Fällt der verpflichtende Wehrdienst, fällt auch der verpflichtende Zivildienst - damit fehlen die "billigen" Arbeitskräfte, die für ein funktionierendes Sozialsystem arbeiten.
Hinweis: Der Inhalt dieser Seite wurde vor 14 Jahren in der Wiener Zeitung veröffentlicht. Hier geht's zu unseren neuen Inhalten.
Der Zwangsdienst junger österreichischer Männer innerhalb der europäischen Friedensunion ist hinfällig geworden. Die Abschaffung der Wehrpflicht ist eine Frage der Zeit, der Trend in Europa ist klar.
Das Ende der Wehrpflicht macht aber ein Dilemma auf, das mit Ehrlichkeit angesprochen und mit Mut gelöst werden muss. 13.000 junge Männer jährlich sind als Zivildiener unentbehrlich geworden, sie bilden gemeinsam mit den NGOs das soziale Rückgrat Österreichs. Ohne Zivildiener gibt es keine Krankentransporte, keine Sicherung von Zebrastreifen vor Schulen und keine Unterstützung bei der Betreuung von pflegebedürftigen Menschen.

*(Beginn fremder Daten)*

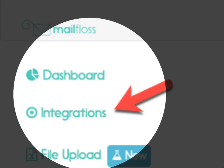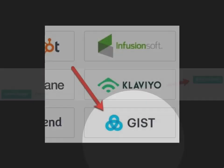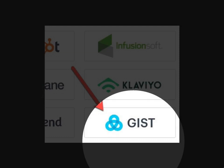Visit the integrations page by clicking on integrations in the left sidebar. Click the add integration button and a pop-up will appear. Click the Gist image.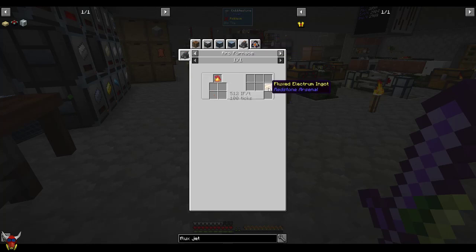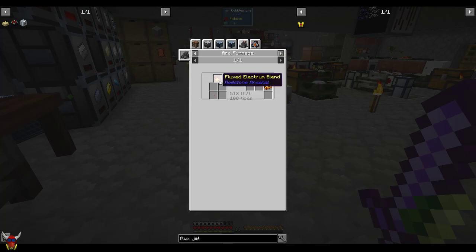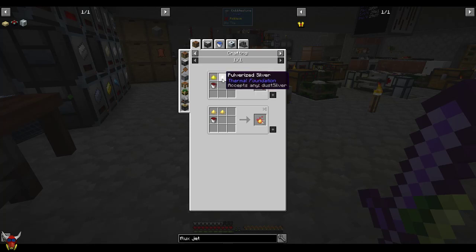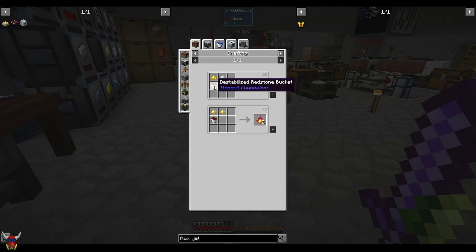The easiest way to make this stuff is really in the arc furnace. So you're looking at fluxed electrum blend. I've been using pulverized gold and silver, and then a bucket of destabilized redstone in order to make this go.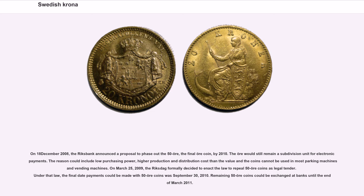On 18 December 2008, the Riksbank announced a proposal to phase out the 50 öre, the final öre coin, by 2010. The öre would still remain a subdivision unit for electronic payments. The reasons included low purchasing power, higher production and distribution costs than the coin's value, and that coins cannot be used in most parking machines and vending machines. On March 25, 2009, the Riksdag formally decided to enact the law to repeal 50 öre coins as legal tender. The final date payments could be made with 50 öre coins was September 30, 2010. Remaining 50 öre coins could be exchanged at banks until the end of March 2011.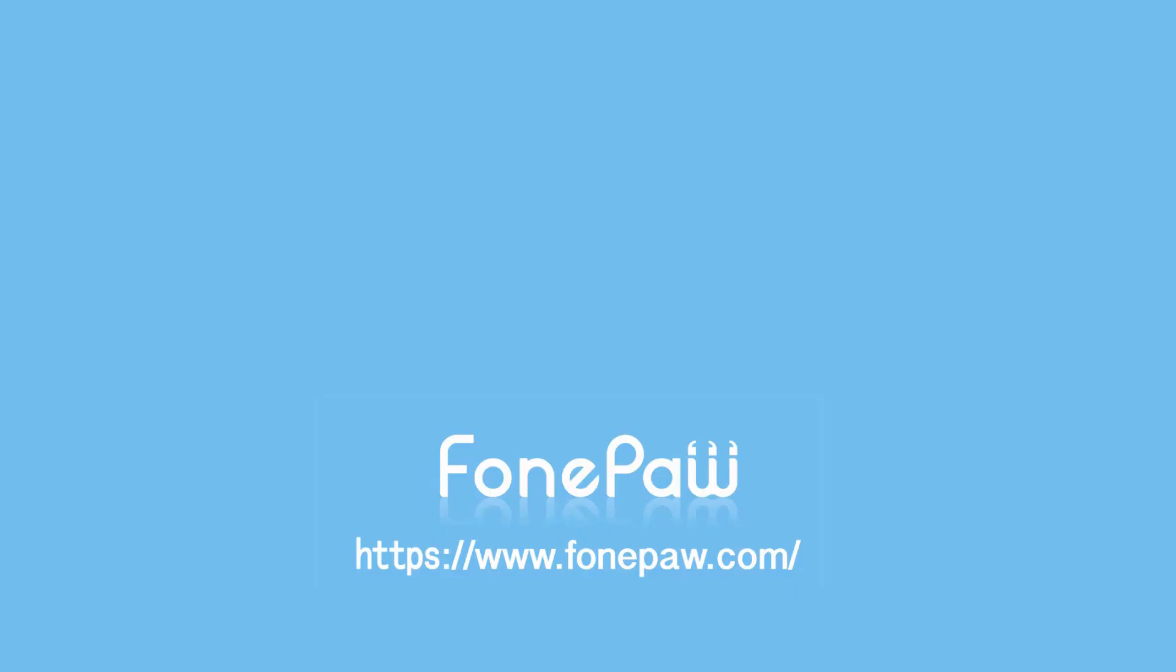That's all. If you want to see more mobile tips, you can subscribe or go to fonepaw.com. Don't forget to share this video with your friends.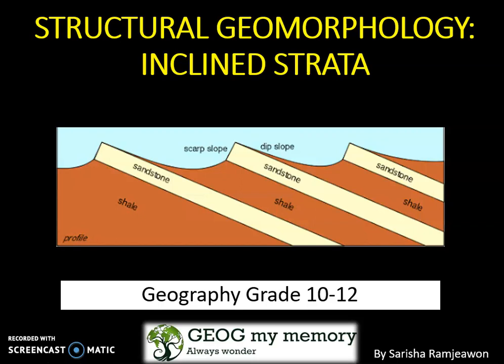Hi Wanderers, welcome to Jog My Memory. This video looks at inclined strata for structural geomorphology. It is useful for grades 10, 11, and 12.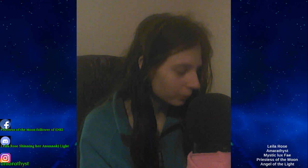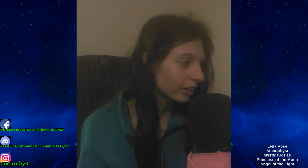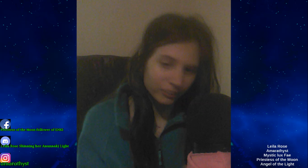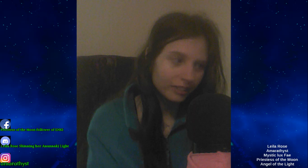Welcome back, YouTube, to another video. I am Priestess Moon.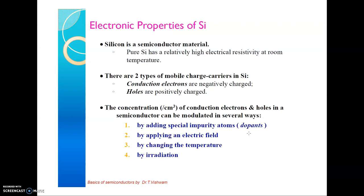When temperature is applied, covalent bonds break and there are two types of mobile charge carriers: electrons (negatively charged) and holes (positively charged). The concentration of conduction electrons and holes in a semiconductor can be modulated in several ways: by adding dopant impurities to the crystal lattice, by applying a large electric field to break bonds, by applying maximum temperature for thermal energy to break covalent bonds, or by applying radiation.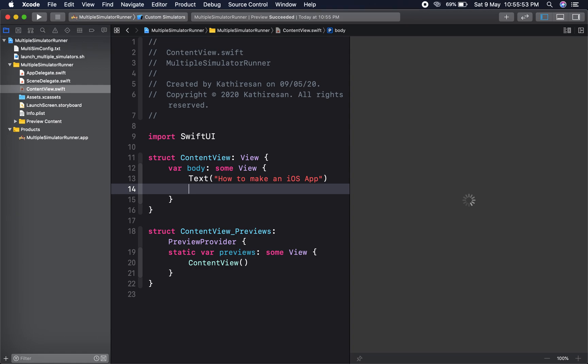Here you can see the run script is working right now. This is the first time, so it will take a few seconds.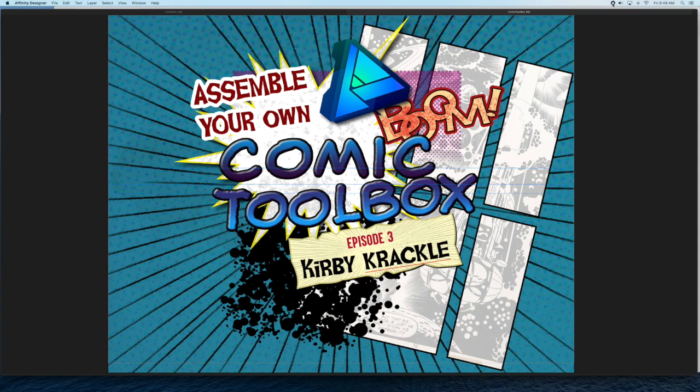Hello, Affinity Designers. Welcome to Episode 3 of Assembling Your Own Comic Toolbox. This is How to Make Kirby Crackle. Let's dive in.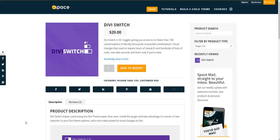Hi, this is Craig from DiviThemeExamples.com and today we're going to have a quick look at the updated Divi Switch plugin which is available to buy for $20 over at Divi.space.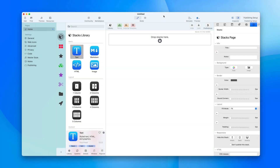If you're currently a RapidWeaver Classic and Stacks user, this video is for you. It's going to show you how some of the terminology transfers over to Elements and should help you feel a little bit more confident in migrating your RapidWeaver Classic site over to Elements. We're just going to touch on some of the key differences to get you up and running.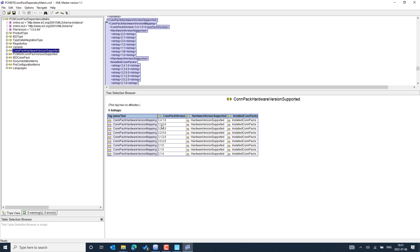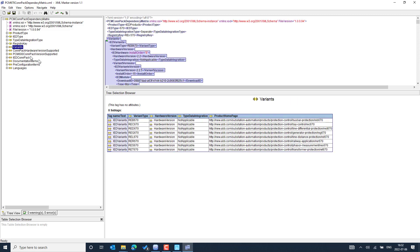Once we know the right PCM600 and recommended compact version, let's go to the 'Compact Version Hardware Support' section. For compact version 3.4.1.0, there are different variants in the 670 series: busbar protection REB, bay control unit REC, differential protection RED, generator protection REG, line distance protection, driveway application protection, phasor measurement unit, synchronizer IED, and transformer protection IED. These are the different variants you can see here.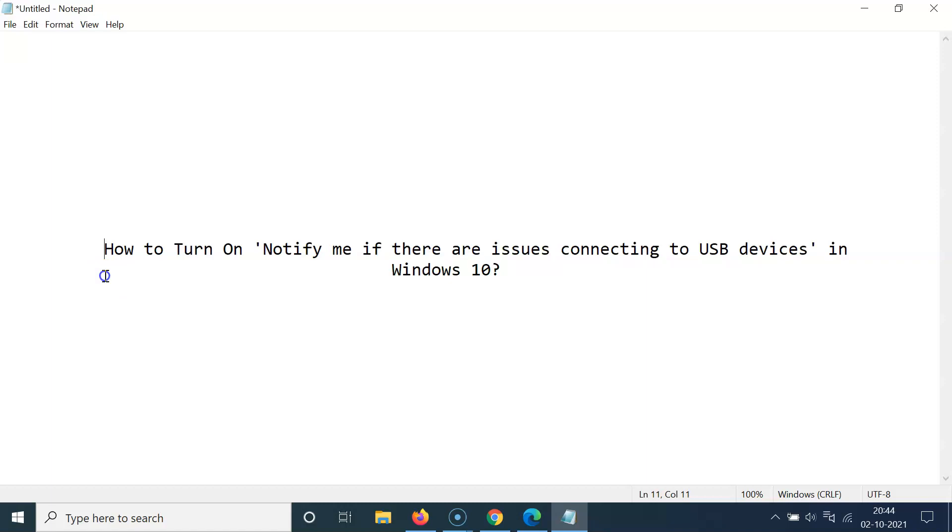Hi guys, in this tutorial I'm going to show you how to turn on notify me if there are issues connecting to USB devices in Windows 10. So let's start.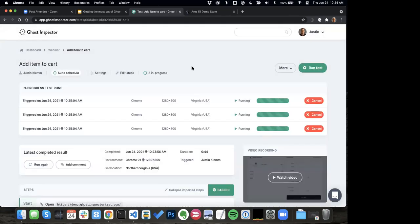This is one way to use data sources, and it can be handy if you've got a signup form or a contact form and you want to hit it with all kinds of different data — invalid email addresses to make sure it's doing the right thing, empty fields. So you can take any of those things you're assigning or using in your test, turn them into a variable, and then upload a spreadsheet with all different combinations of variables. Ghost Inspector will trigger a test run for each one.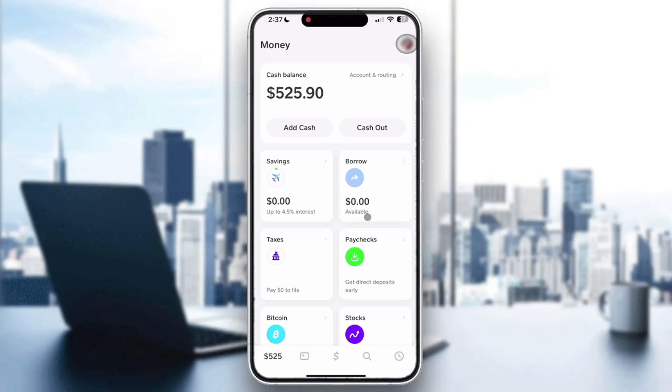This is the main page from where we can get started, where we can take a look at our balance, savings, taxes, and everything we need. Now we can get started.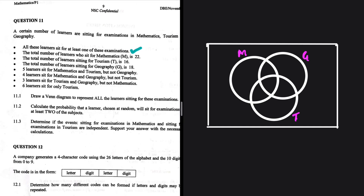That point about mathematics totalling 22 will help us later, but right now it doesn't help us fill one specific spot. The same is true for bullet point four. But the last bullet point — six learners sit for only tourism — is useful because we know exactly that one spot contains six.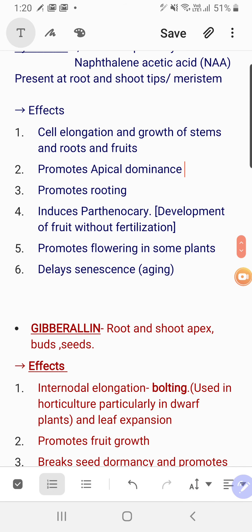The third effect of auxin is that it promotes rooting. You may have observed gardeners placing a powder at one end of a rose cutting before planting it in soil. That powder is synthetic auxin. Applying auxin to the tip promotes rooting in the cutting, and once roots appear, the cutting becomes a plant.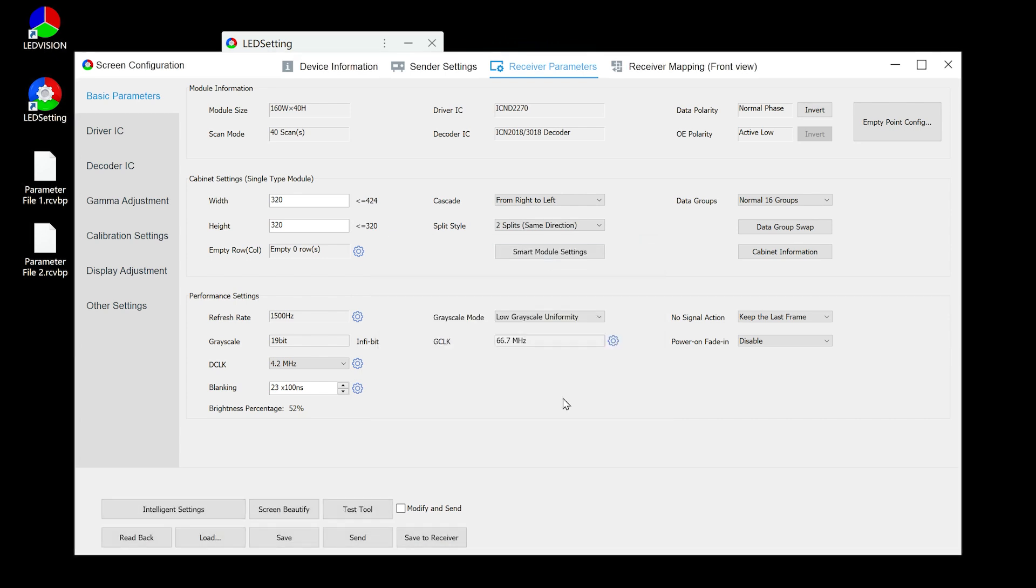Lastly, there is a very convenient feature for checking the display quality during parameter configuration. By selecting modify and send, LED setting will automatically send the parameters to all receiving cards after each modification, allowing you to immediately see the changes on the LED panel. This makes our work more efficient.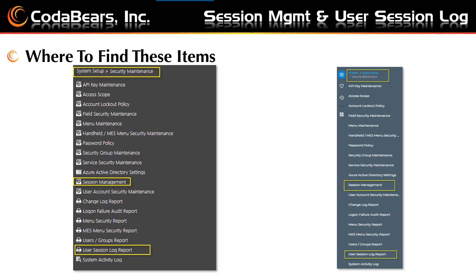Where can you find these items in Epicor? Both of these items can be found under System Setup and then the Security Maintenance menu folder. The paths are shown here using the Metro view and the Kinetics view in Epicor. You can also use the Search function to find the menu items.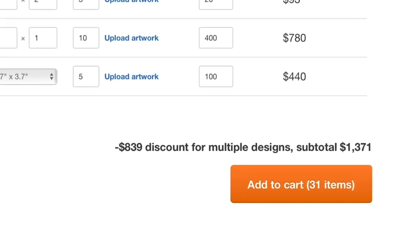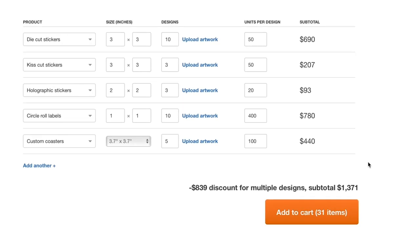As you add items, we automatically apply a discount based on the quantity and number of designs you wish to buy. The more you add, the bigger the discount.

Die Frage, wie die Erfüllung des sozialen Auftrages der Träger Caritas, Diakonie, Rotes Kreuz und anderer nach der Abschaffung der Wehrpflicht gewährleistet werden kann, wird in der aktuellen Debatte nicht beantwortet: 13.000 Zivildiener pro Jahr würden als Arbeitskräfte aus dem Sozialsystem fallen und sind als Vollzeit-Äquivalente von den Organisationen selbst nicht finanzierbar.
Fällt der verpflichtende Wehrdienst, fällt auch der verpflichtende Zivildienst - damit fehlen die "billigen" Arbeitskräfte, die in Pflegeheimen, Rettungsautos und Jugendzentren für ein funktionierendes Sozialsystem mit anpacken. Ein ehrenamtlicher Freiwilligendienst schafft hier keine Abhilfe, kann die Zivildiener nicht ersetzen, wiewohl das freiwillige soziale und das ökologische Jahr endlich auf eine fundierte gesetzliche Basis gestellt werden müssen.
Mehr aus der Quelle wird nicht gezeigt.